Search code examples
data-structuresbig-ohashtable

Why is the Big-O complexity for Small Load Factor HashTables O(1)?


I'm having trouble understanding using the load factor for big-O analysis of Chained and Open-Addressing of HashTables.

From my understanding:

LoadFactor = (# of entries in HashTable)/(# of "slots" in HashTable) = (n/m)

Thus, the LoadFactor reflects how much of the HashTable is being utilized by data being entered into the HashTable.

For a Chained HashTable, the Worst-Case Time Complexity is O(n) because a non-uniform distribution of data with all elements hashed to the last slot in the HashTable reduces the problem to a search in a Linked List of size n.

For an Open-Addressed HashTable, the Worst-Case Time Complexity is O(n) because once again, a non-uniform distribution of data with all elements hashed to one hashCode will result in all elements being entered consecutively. Thus, the problem reduces to a search in an array of size n.

For the worst-case scenarios, I assumed n>m.

Now for a small load factor, both the Chained and Open-Addressed HashTables will yield an O(1).

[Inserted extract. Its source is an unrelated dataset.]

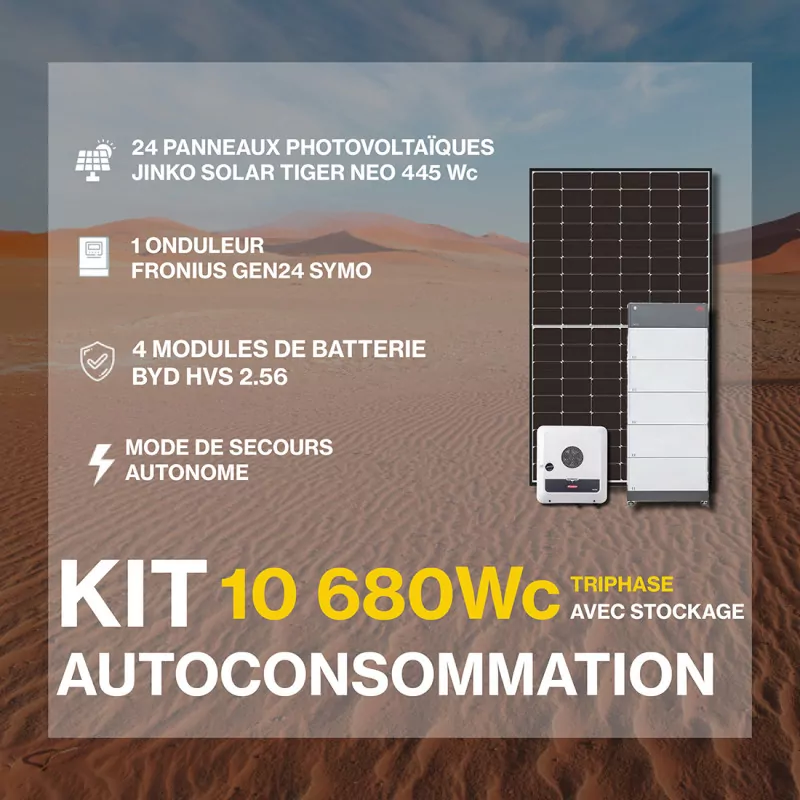 découvrez nos kits solaires avec batterie, une solution éco-responsable pour alimenter votre maison ou votre projet. profitez d'une énergie autonome et durable grâce à des équipements performants et faciles à installer. idéaux pour réduire vos factures d'électricité et contribuer à la protection de l'environnement.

I fail to see the distinction between the n>m and n

Why is this the case?


Solution

  • When n is much smaller than m (the number of buckets), then it's likely that every key has hashed to a unique bucket. As n increases, the likelihood of a collision (two keys hashing to the same bucket) increases. When n > m, then by the Pigeonhole principle, it's guaranteed that at least two keys will hash to the same value.

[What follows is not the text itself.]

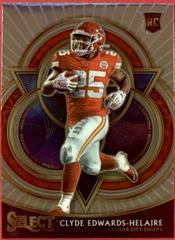 Clyde Edwards-Helaire Football Cards 2020 Panini Select Phenomenon Prices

    So when n is much smaller than m, the likelihood of collision is smaller, so the expected lookup time is O(1). As the number of items grows, you spend more time resolving collisions.

    Empirical evidence suggests that you don't want your load factor to exceed 0.75. Probably closer to 0.70. When n > 0.70*m, the hash table becomes hugely inefficient. The actual number varies depending on your data, of course, but that's a good rule of thumb.

    The Birthday problem shows how the collision rate increases as n approaches m. The likelihood of encountering a single collision is close to 50% when you have inserted the square root of the number of items in the table. If you were to create a hash table of size 365 and start inserting items, your chances of seeing a hash collision is higher than 50% when you insert just 25 items. (That's assuming a good hashing function. A poor hashing function will increase your likelihood of collision overall.)